What you should do =
Transcribe every record as it stands and set the images aside.
☆ ☆ ☆ ☆
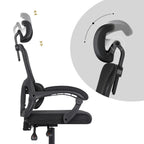 La Bella VELTRA Ergonomic Reclining Office Chair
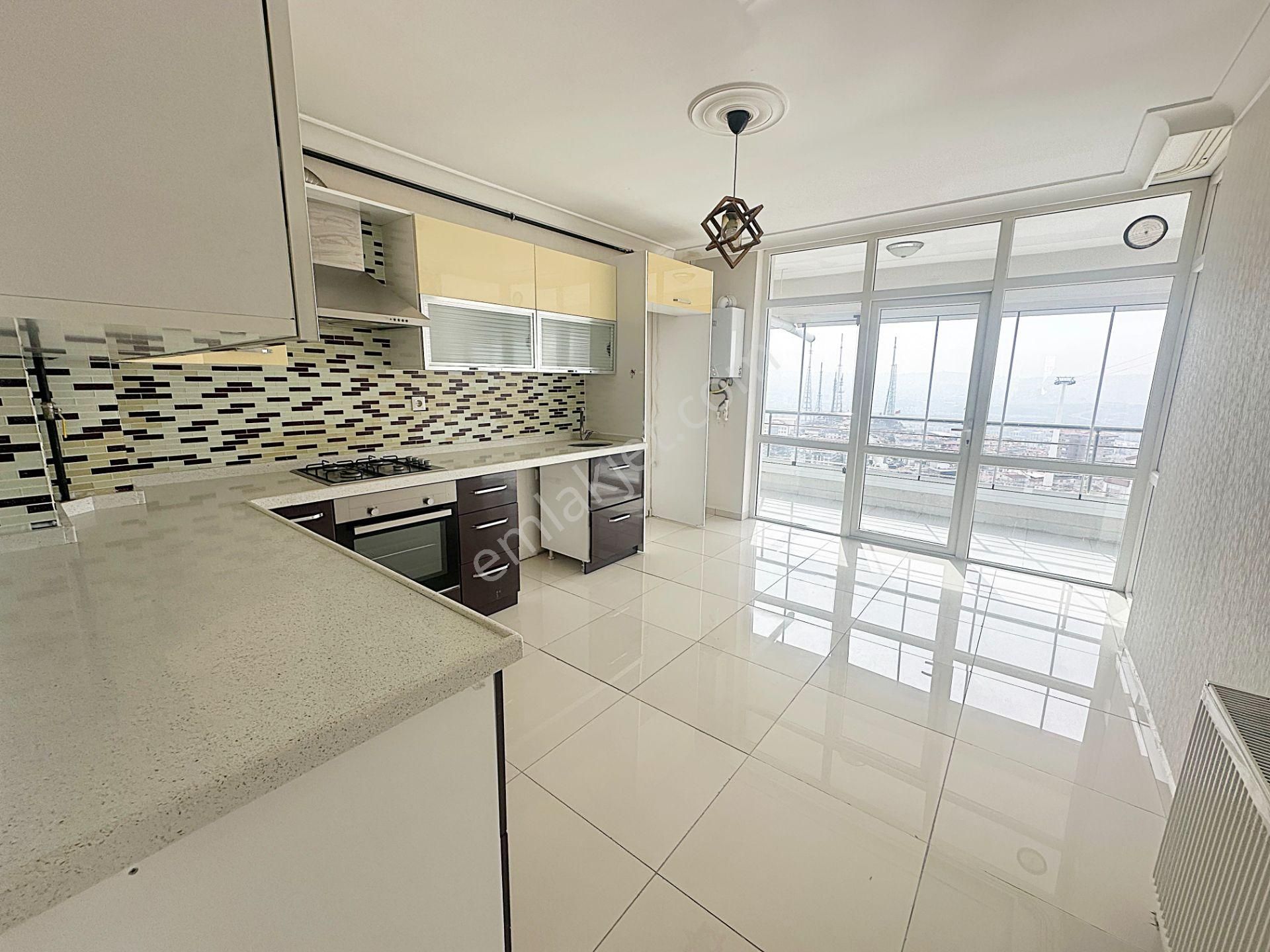 Cihan'dan Ankara Manzarlı Caddelere Paralel 4+1 Kiralık Daire - Görsel 5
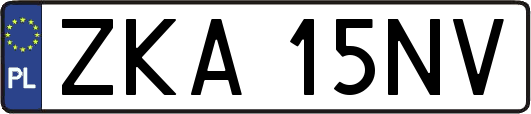 ZKA15NV
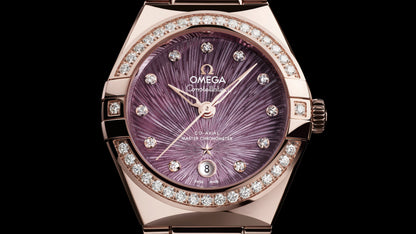 Constellation 29 mm, Sedna™ gold on Sedna™ gold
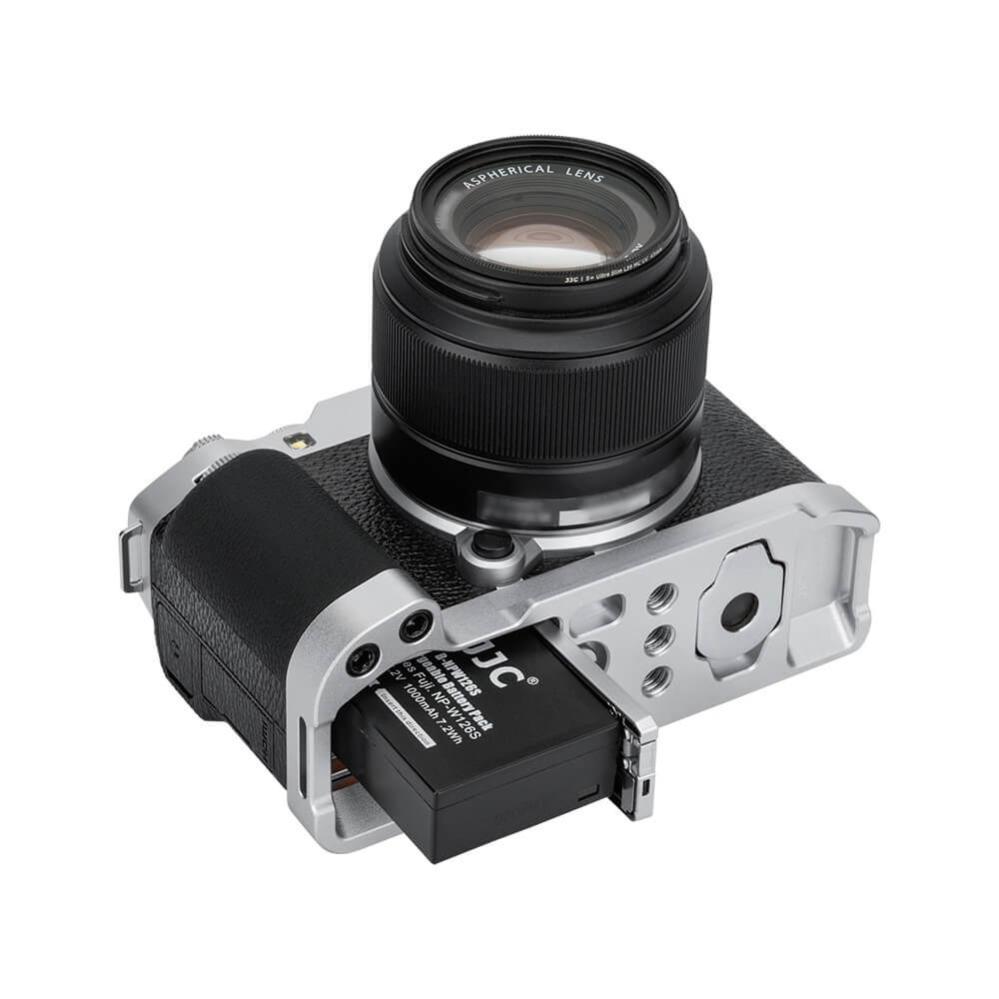  JJC Håndgrep for Fujifilm X-M5 Rask levering fra Sverige.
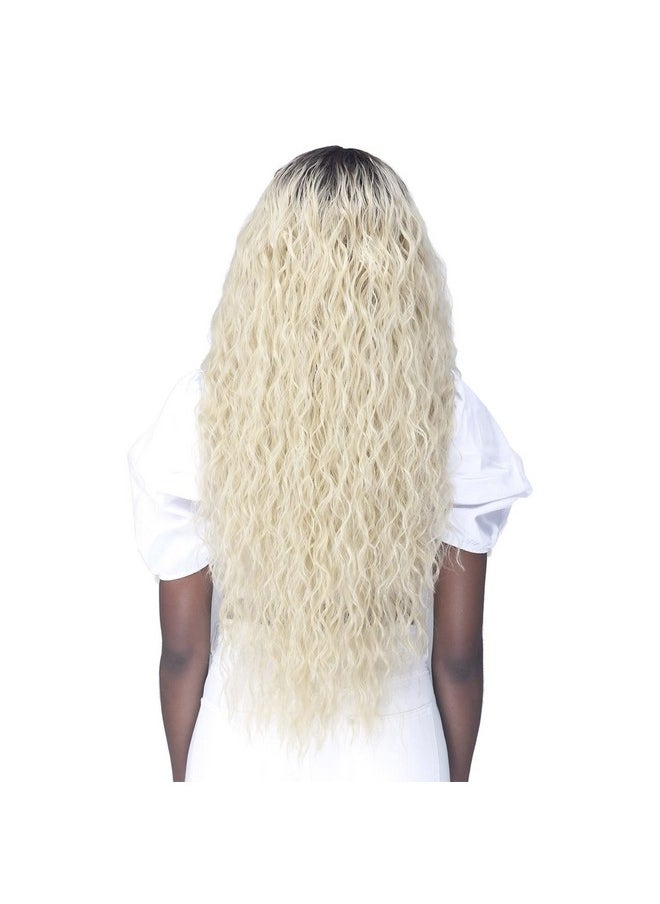 BOBBI BOSS Glueless 13X4 Hd Lace Front Wig Mlf255 Danica (Ttrosemary)  - Image 4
☆ ☆ ☆ ☆
Your response =
 La Bella VELTRA Ergonomic Reclining Office Chair
 Cihan'dan Ankara Manzarlı Caddelere Paralel 4+1 Kiralık Daire - Görsel 5
 ZKA15NV
 Constellation 29 mm, Sedna™ gold on Sedna™ gold
  JJC Håndgrep for Fujifilm X-M5 Rask levering fra Sverige.
 BOBBI BOSS Glueless 13X4 Hd Lace Front Wig Mlf255 Danica (Ttrosemary)  - Image 4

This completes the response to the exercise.